Heartaching at the inability to offer her my own resources. Because something warns me if I let her sleep in my house she might take my things. Something worries me that if I give her my food I could run out. Something suggests that I worked for these things and so they are mine to be shared within a safe circle of people I already know who largely already have things of their own. So much for directions to give to those in need. These words must be code for “learn the appropriate agency to call and have the initiative to put in a referral.”
But even through her body-weighing frustration, I could catch a twinkle in her eye when she said she had slept outside under a full moon. I could bear with her frustrated, yet still dazzled, view of life.
She left in a much-calmed state from the frenzy surrounding her appearance. Listening and redirecting were the only things I felt able to do. They changed her demeanor if nothing else.

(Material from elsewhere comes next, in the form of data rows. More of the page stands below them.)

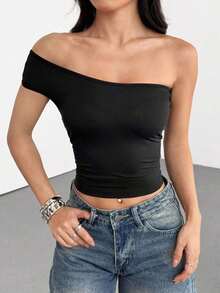 Tops ajustados de verano de diseño multifuncional de punto en azul marino para mujeres - Negro - Ver 6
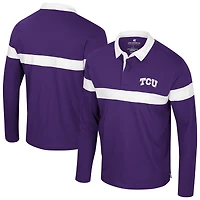 Polo à manches longues pour homme Colosseum Purple TCU Horned Frogs Too Cool For School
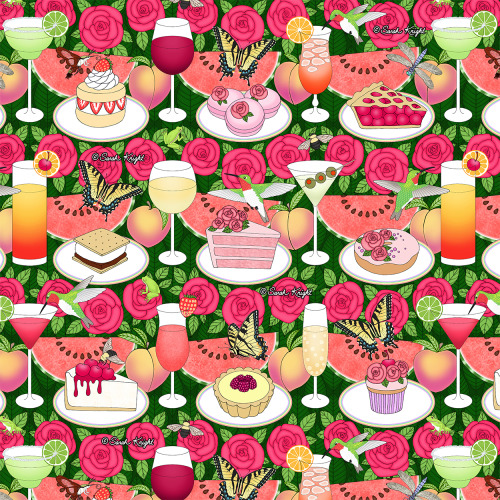 The garden party pattern project…https://society6.com/product/hummingbirds-cocktails-desserts-garden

As she left, she pulled a single stick of incense from her bag and handed it to me. “I hope you enjoy the scent.”
Later in the week, one of my plants grew too long to stand on its own. So I stuck her incense in the dirt and tied my leaves to the support, letting the scent of how we need each other drift across me, the neighborhood, the city. And the wondering of how far the smoke will float.
May 26, 2009
“If you’re ambitious you’ll have a career path set by your 30s,” the kindly retired man offered in response to my verbalized indecision. His voice had a rambling tone that nearly disguised the knowledge burrowed deep inside of what he said.

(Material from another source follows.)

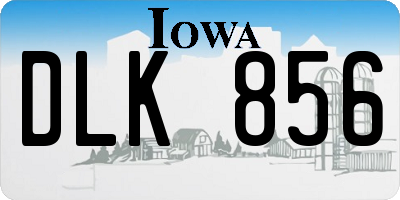 IA license plate DLK856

He winked his next sentence toward me with new clarity: “Of course, there’s no law that says you have to be ambitous.”
If was liberation to hear aged advice from an older adult that resonated with my now: it’s okay to have an unconventional life’s plan; it’s worth devoting time to poetry if the prospect of it makes me fall in love with mornings; it’s important that our ways to live keep us actually alive.
But the important decision isn’t whether or not to shirk ambition, but to choose what to be amibitious about. Even if it’s something abstract, undefined… ambitious for a feeling that comes from something like sleeping inside warm rain or for a carefree attitude that sings summer or for forgetting about boundaries (like time, like routine) that can’t control as much if we give them less credit.

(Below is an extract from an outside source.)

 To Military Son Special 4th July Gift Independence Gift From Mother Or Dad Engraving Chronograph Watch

Our ambition’s directedness creates for ourselves a something to be known.
May 12, 2009
Front-page news in the Pittsburgh Post Gazette:
The price of stamps increased two cents due to the fact that post offices have been hooked up in too many unsuccessful blind dates and are now suffering rejection from everyone.
The editorials inside offer an altogether different but related story:
Printed journalism has been stabbed in the stomach and watches while its stomach acids flow out the wound and slowly devour its skin.
What we can conclude from this:
People have secretly consented to an implied boycott on tangible information sources. They are pandemically forfeiting the writing skills they learned in kindergarten for the typing skills they learned in middle school (possibly because this is the only memory worth hanging onto from middle school).
I’m a desperate romantic when it comes to words. I want familiar pages to wake up with me every morning and friendly packaged papers waiting faithfully for me next to the door when I come home. The internet keeps intruding on my affair with words and only offers a one-sided relationship in its place: it never waits for me and makes me do all the work.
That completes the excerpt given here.